Using the entries below, quote exactly the span of lines that begins with the line containing "duck feathers royal blue" and ends with the final line.

Extracted records
::::

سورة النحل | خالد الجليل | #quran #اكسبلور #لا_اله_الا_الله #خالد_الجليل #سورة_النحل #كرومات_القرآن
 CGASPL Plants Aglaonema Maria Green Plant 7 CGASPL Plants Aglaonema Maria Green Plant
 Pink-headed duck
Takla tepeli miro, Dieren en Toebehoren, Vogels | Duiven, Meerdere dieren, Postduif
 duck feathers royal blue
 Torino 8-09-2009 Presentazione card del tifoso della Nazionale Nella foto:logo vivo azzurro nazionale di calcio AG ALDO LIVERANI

::::

§ **Response area**:
 duck feathers royal blue
 Torino 8-09-2009 Presentazione card del tifoso della Nazionale Nella foto:logo vivo azzurro nazionale di calcio AG ALDO LIVERANI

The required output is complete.